WHAT YOU WILL DO » Lines before the one containing "1993 Jeep Cherokee" are left out; return that line and every line after it exactly, through the end of the data below.

==== DATA UNDER STUDY ====

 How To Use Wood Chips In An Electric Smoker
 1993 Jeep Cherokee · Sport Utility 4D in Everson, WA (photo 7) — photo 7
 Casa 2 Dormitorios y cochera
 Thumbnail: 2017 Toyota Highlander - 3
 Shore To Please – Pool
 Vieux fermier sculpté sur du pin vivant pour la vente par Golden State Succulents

====

THE ANSWER »
 1993 Jeep Cherokee · Sport Utility 4D in Everson, WA (photo 7) — photo 7
 Casa 2 Dormitorios y cochera
 Thumbnail: 2017 Toyota Highlander - 3
 Shore To Please – Pool
 Vieux fermier sculpté sur du pin vivant pour la vente par Golden State Succulents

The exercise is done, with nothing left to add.